Exercise requirements> Give the whole listing below once more, exactly, without pictures.

Recorded data>
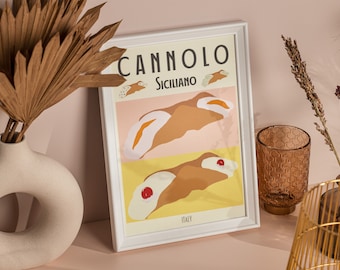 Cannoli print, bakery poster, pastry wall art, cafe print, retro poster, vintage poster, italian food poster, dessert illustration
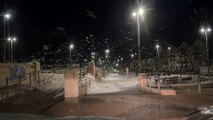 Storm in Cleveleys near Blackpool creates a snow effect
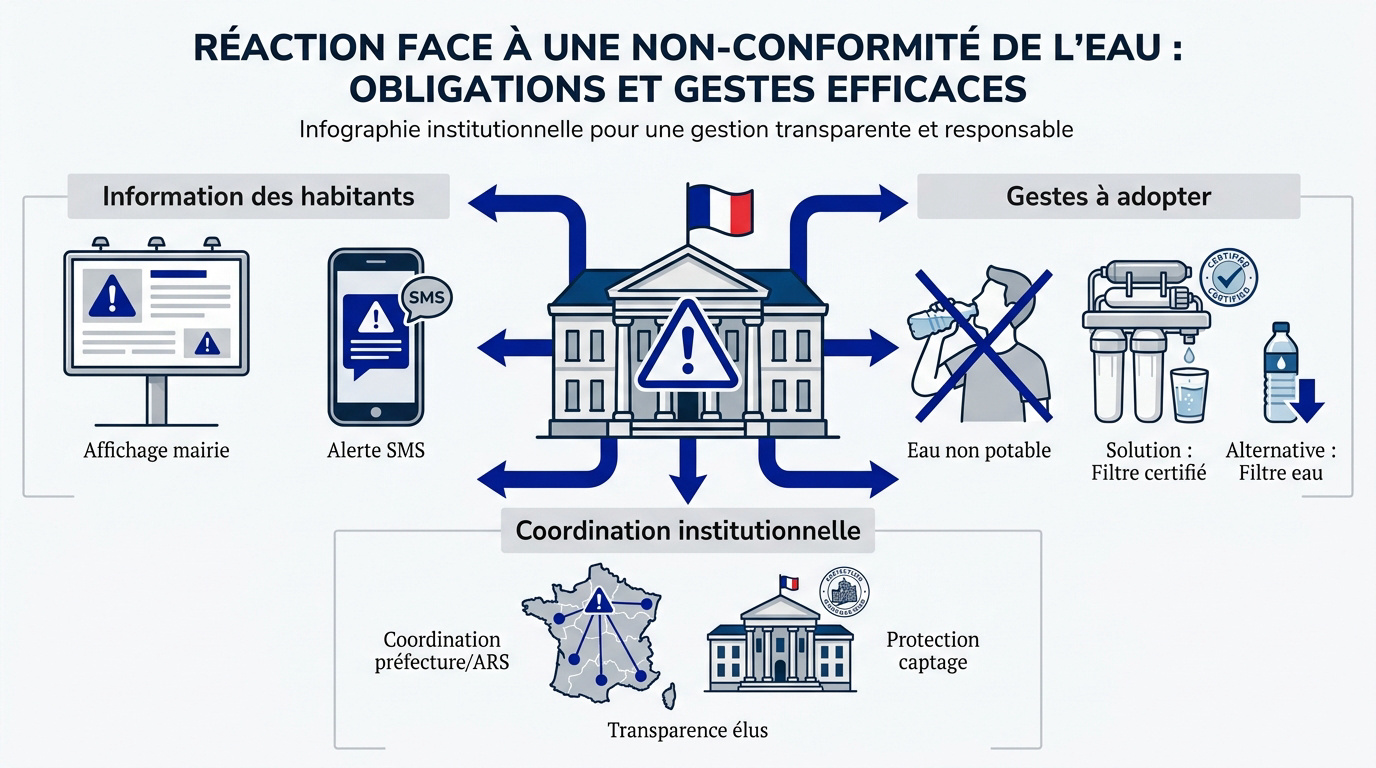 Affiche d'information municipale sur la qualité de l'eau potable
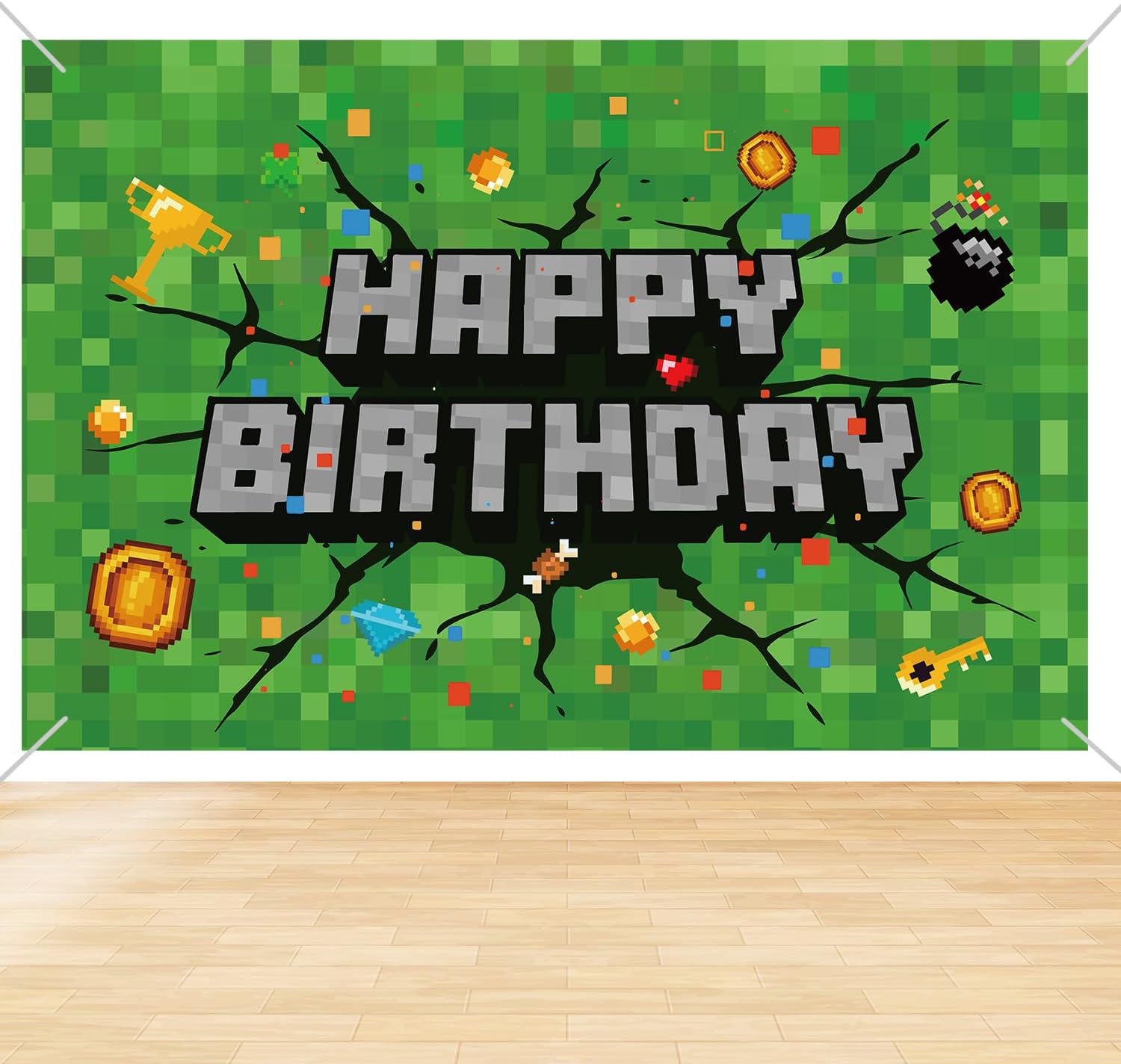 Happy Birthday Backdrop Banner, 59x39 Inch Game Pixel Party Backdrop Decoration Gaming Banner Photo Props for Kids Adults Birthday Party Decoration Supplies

Response to this exercise>
 Cannoli print, bakery poster, pastry wall art, cafe print, retro poster, vintage poster, italian food poster, dessert illustration
 Storm in Cleveleys near Blackpool creates a snow effect
 Affiche d'information municipale sur la qualité de l'eau potable
 Happy Birthday Backdrop Banner, 59x39 Inch Game Pixel Party Backdrop Decoration Gaming Banner Photo Props for Kids Adults Birthday Party Decoration Supplies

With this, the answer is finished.